Le nôtre en souffrait. Pas le noir, assez intelligent
pour jouer au névrosé et échapper au vétérinaire.
L’autre, le manchon fourrure, la petite peluche.
Elle se tortillait sur le trottoir
pour des piétons rencontrés par hasard, caressant
leurs pantalons, mais pas quand elle a commencé à perdre
ce qui aurait pu être son esprit. La nuit, elle rôdait
dans la cuisine, mangeant un morceau
de tomate par-ci, une pêche mûre par-là,
une croustille, une poire ramollie.
C’est ce que je suis censée manger ?
Je suppose que non. Mais quoi ? Mais où ?
Puis elle montait l’escalier, les pattes comme des papillons de nuit,
avec des yeux de chouette, gémissant
comme un petit train à vapeur poilu : O-woui ! O-woui !
Tellement perdue et désorientée. O, qui ?

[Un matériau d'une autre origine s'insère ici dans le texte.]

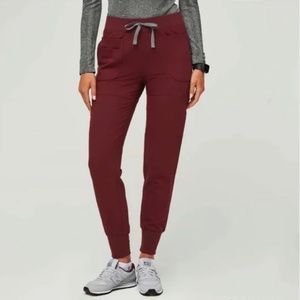 FIGS Nepal Skinny Jogger - (M)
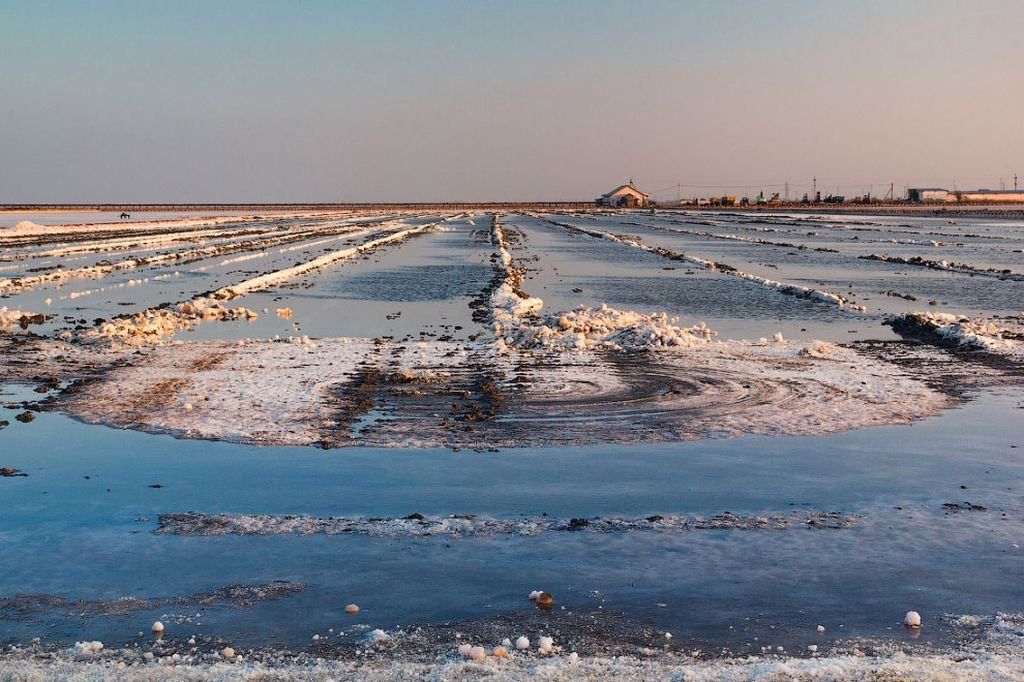 Волонтер пояснив, що буде з Кримом, коли звідти підуть росіяни Волонтер пояснив, що буде з Кримом, коли звідти підуть росіяни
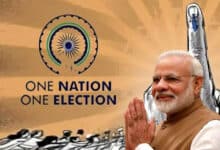 Cabinet Approves ‘One Nation, One Election’ Bill: Likely to Be Tabled Soon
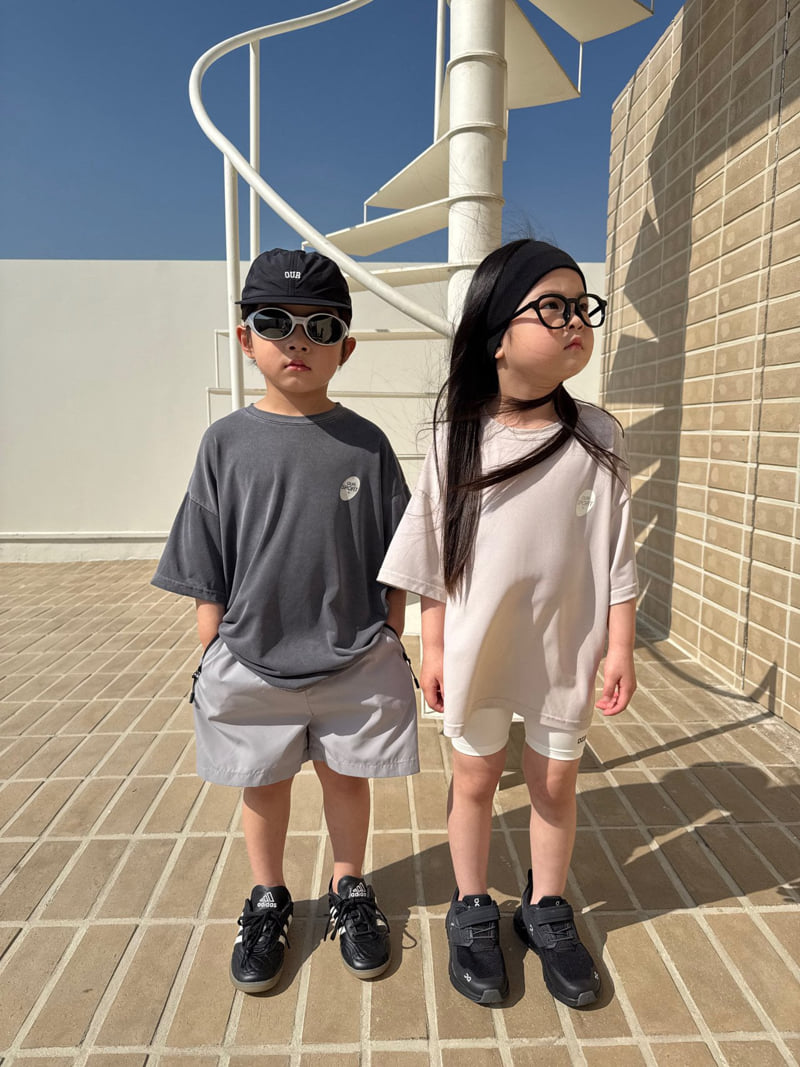 Our - Korean Children Fashion - #childrensboutique - Biker Pants - 9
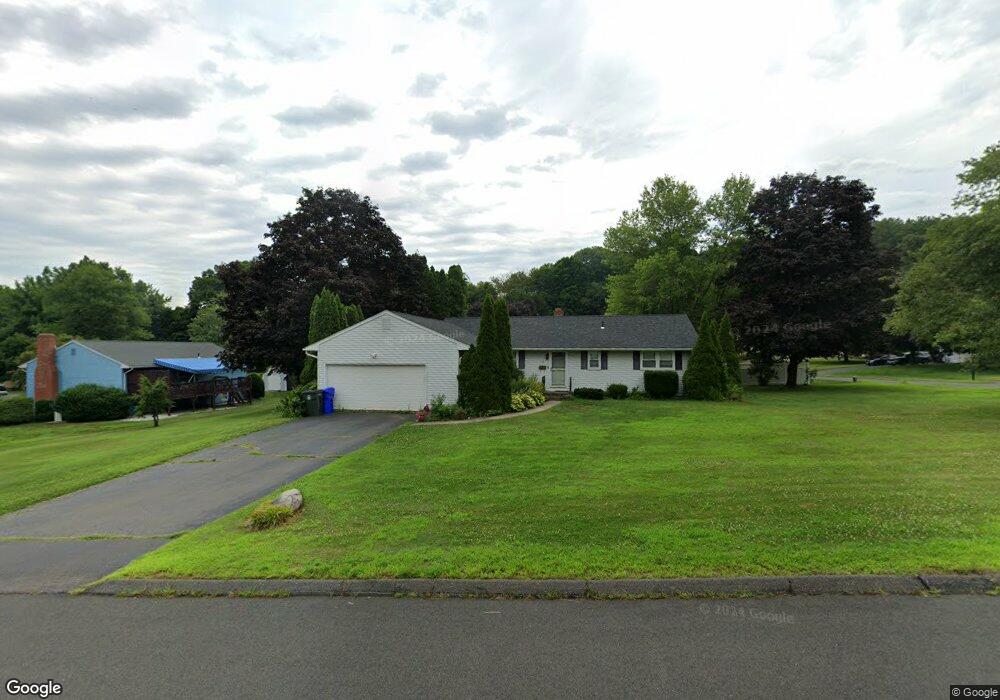 34 Woodland Rd, Rocky Hill, CT 06067 - photo 1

Griffant à la porte de la chambre
qui lui est résolument fermée. Laissez-moi entrer,
prenez-moi, dites-moi qui j’étais.
Inutile. Pas de ronronnement. Pas de contentement. Allez ouste
dans la grotte obscure de la salle à manger,
puis dedans, puis dehors, désemparée.
Et quand j’en serai là, recouverte de fourrure, me mettant à hurler,
grattant aux portes de vos oreilles :
peu importe qui je prétends être
ou combien je vous aime,
tournez la clé. Barrez la fenêtre
La femme de lettres canadienne Margaret Atwood (née en 1939) fut longtemps connue principalement pour ses romans de science-fiction et d’anticipation portant sur des thématiques encore d’actualité aujourd’hui : la condition féminine, les épidémies, l’écologie... Le succès de l’adaptation de son roman publié en 1985, La Servante Ecarlate (The Handmaid’s Tale), en une série télévisée éponyme diffusée entre 2017 et 2025, entraîna un intérêt accru pour l’ensemble de ses écrits - y compris ceux n’appartenant pas aux genres auxquels elle doit initialement sa notoriété.

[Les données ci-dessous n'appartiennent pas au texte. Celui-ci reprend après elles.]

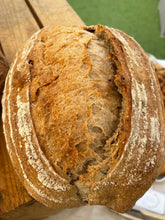 Load image into Gallery viewer, Walnut &amp; Date Loaf

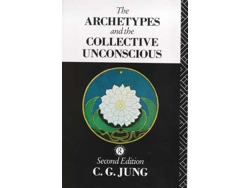 Libro The Archetypes and the Collective Unconscious de Cg Jung (Inglés)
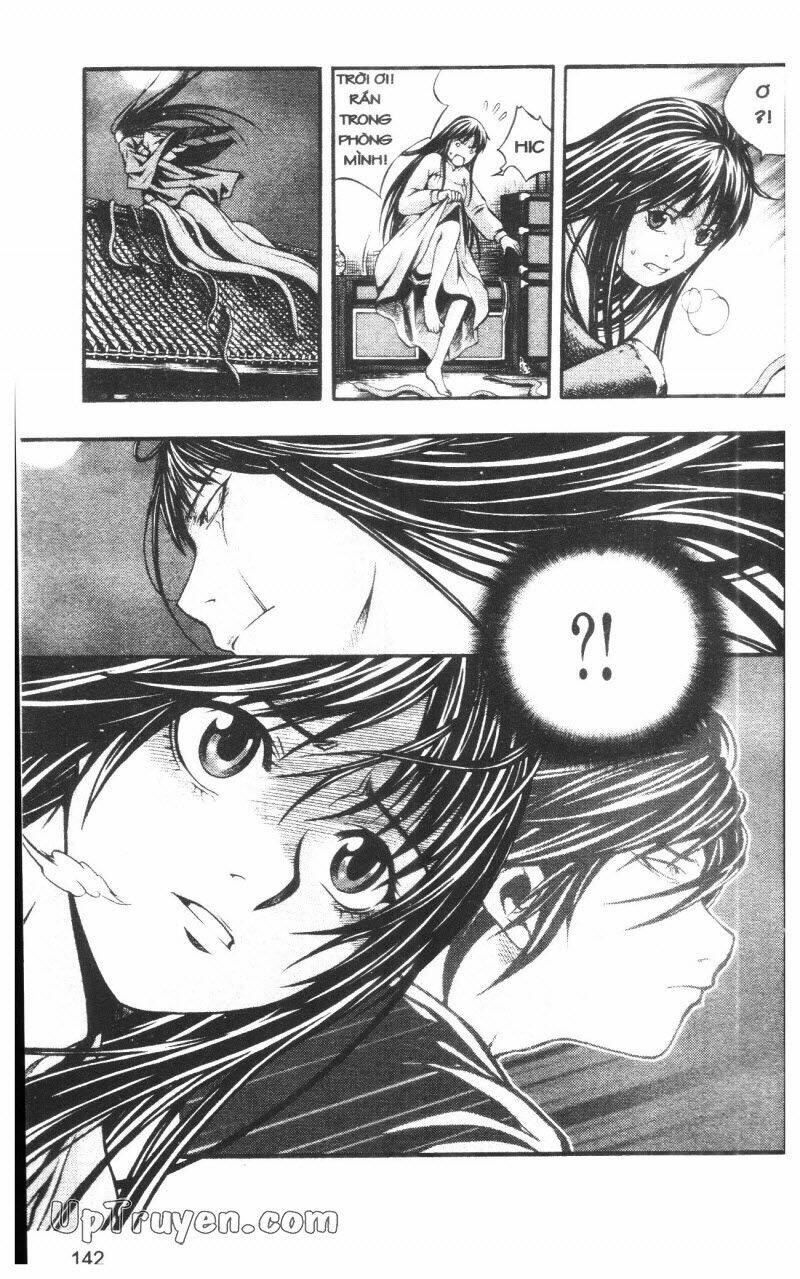 thời gió lốc (thời đại phong tang) chapter 8 143
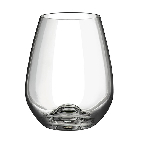 Бокал для вина «Вайн солюшн»; хр.стекло; 330мл; D=79, H=100мм; прозр. Rona 4245 0200
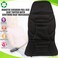 Generic Electric Car Seat Back Heated Massage Car Seat Massager Lumbar Neck Relaxation 1 Pcs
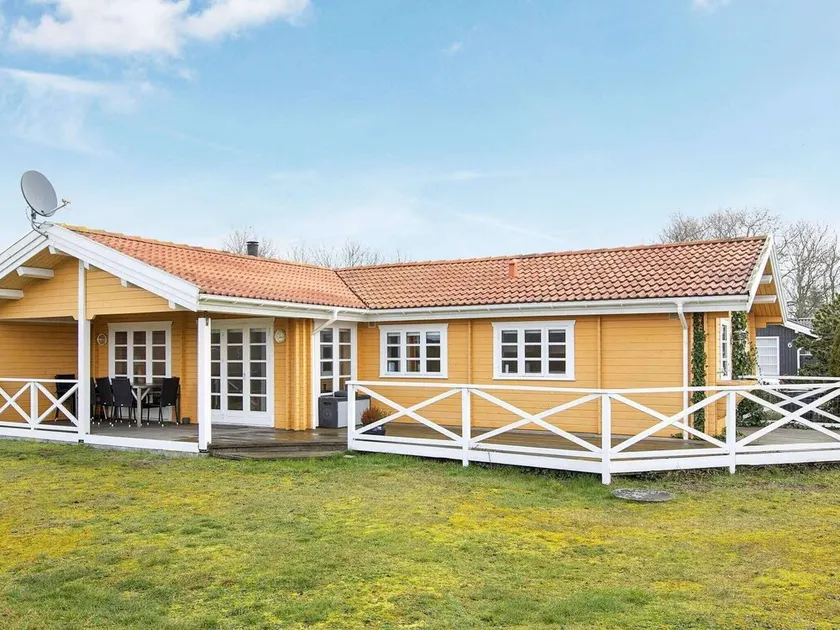 5 star holiday home in Slagelse - Image 1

Son travail de poète, qu’elle poursuit pourtant depuis le début de sa carrière littéraire dans les années 60, demeure néanmoins beaucoup moins connu du grand public. C’est d’autant plus vrai en ce qui concerne les francophones, car parmi la quinzaine de recueils de poèmes dont elle est l’autrice, moins de la moitié ont été traduits en français – qui plus est avec un tirage limité. Ce n’est qu’à partir de 2020 et à la sortie de l’anthologie Laisse-moi te dire, uniquement publiée en français et qui rassemble des poèmes de jeunesse parus à l’origine dans différents recueils, que les lecteurs francophones peuvent vraiment découvrir cette facette de son œuvre.

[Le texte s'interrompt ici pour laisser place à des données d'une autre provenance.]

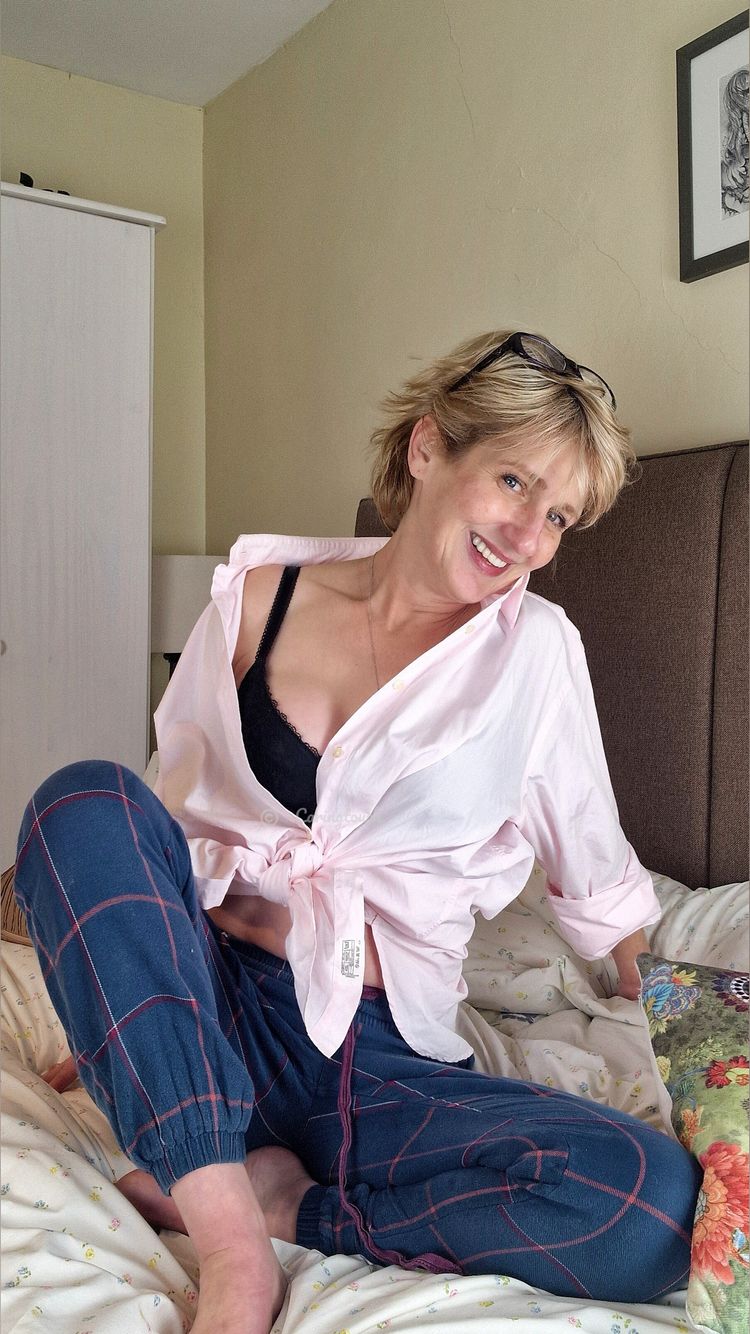 Best GILF OnlyFans Accounts caringtouch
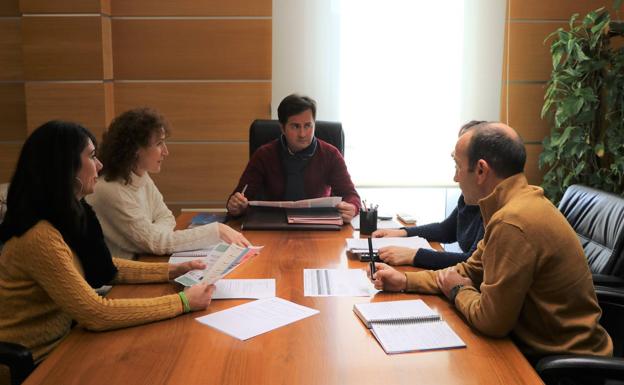 El programa Remus crece en empresas colaboradoras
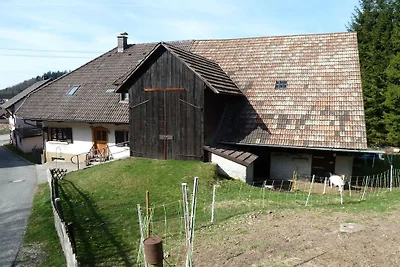 Ferienhaus mit 2 Schlafzimmer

La même année, Atwood publie un nouveau recueil baptisé Dearly: New Poems, qui a pour sa part les honneurs d’une traduction dans la langue de Molière deux ans plus tard, sous le titre Poèmes tardifs. C’est dans cet ouvrage que figure « Chat Fantôme » (« Ghost Cat », en version originale), un texte qui aborde un sujet peu exploré dans la poésie, et même dans la littérature en général : la démence chez les animaux.
L’autrice y présente les comportements inhabituels de son chat, dont les capacités cognitives se sont dégradées avec l’âge. Comme n’importe quel humain souffrant du même mal, le petit félin se retrouve alors confronté à la perte de son identité.
« Chat Fantôme » n’est pas un poème sur les chats en tant qu’espèce : Atwood n’entend pas y énoncer des vérités générales à leur sujet, comme c’est très souvent le cas dans les poèmes avec des animaux. Au contraire, elle s’intéresse ici à ce qui fait la singularité de son propre compagnon, pour mieux le présenter comme un être unique ayant sa personnalité propre.